# Source material
□ □ □ □ □

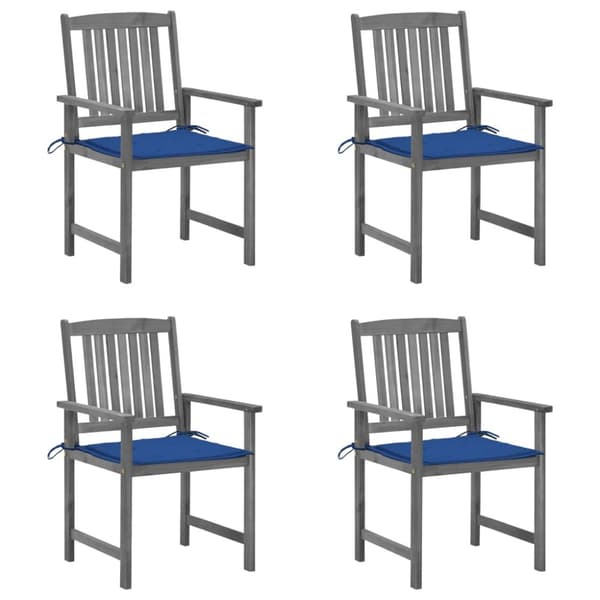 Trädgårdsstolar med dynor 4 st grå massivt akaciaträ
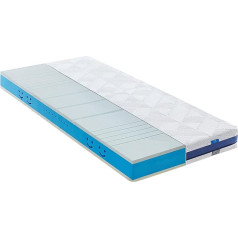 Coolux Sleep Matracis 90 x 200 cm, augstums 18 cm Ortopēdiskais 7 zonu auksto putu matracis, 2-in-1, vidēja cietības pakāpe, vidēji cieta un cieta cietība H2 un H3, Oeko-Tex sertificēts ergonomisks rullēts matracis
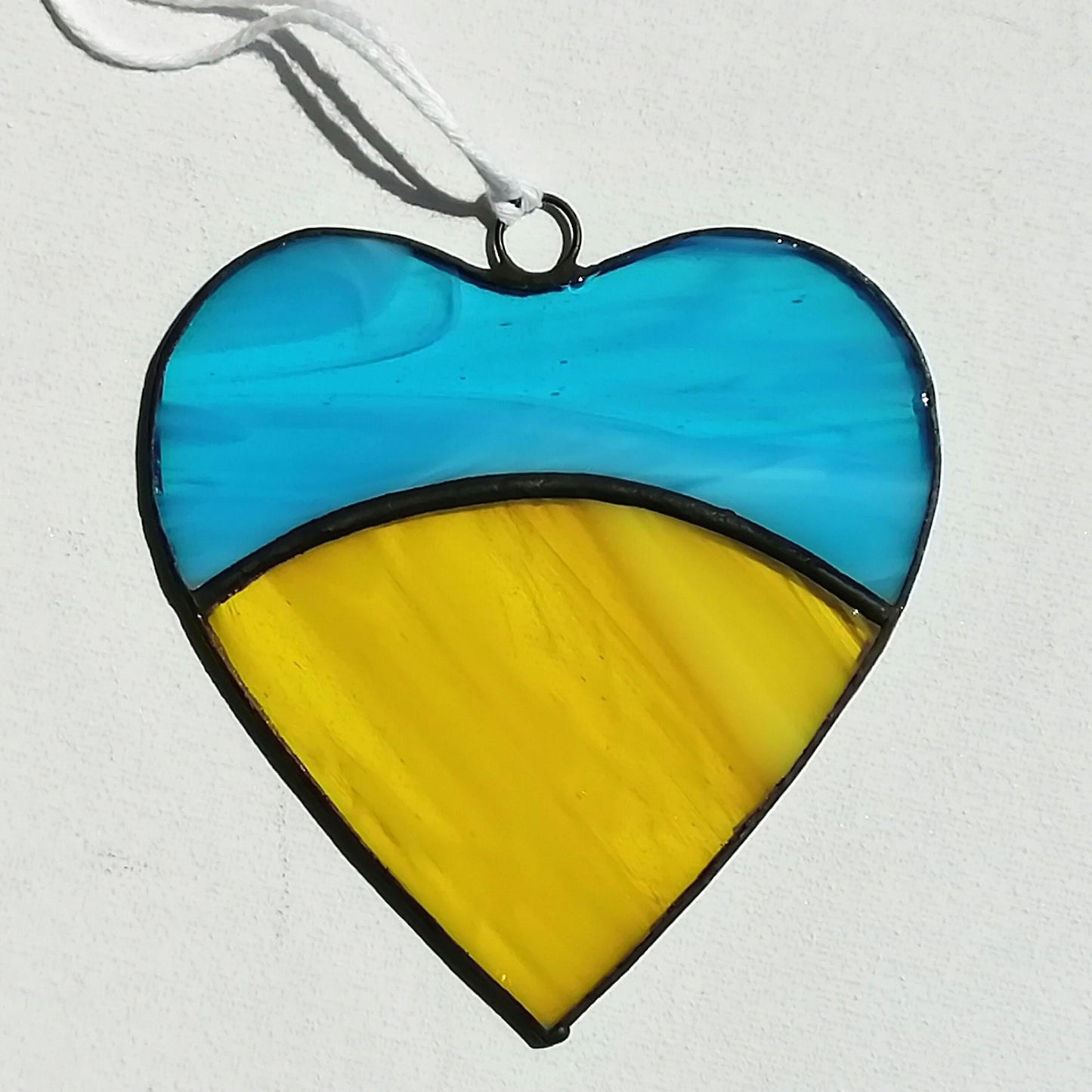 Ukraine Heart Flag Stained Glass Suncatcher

□ □ □ □ □

# Your task
The lines from the one containing "Coolux Sleep Matracis" through the final line of the data are to be repeated exactly, with both ends included and all pictures left out.

# Response
 Coolux Sleep Matracis 90 x 200 cm, augstums 18 cm Ortopēdiskais 7 zonu auksto putu matracis, 2-in-1, vidēja cietības pakāpe, vidēji cieta un cieta cietība H2 un H3, Oeko-Tex sertificēts ergonomisks rullēts matracis
 Ukraine Heart Flag Stained Glass Suncatcher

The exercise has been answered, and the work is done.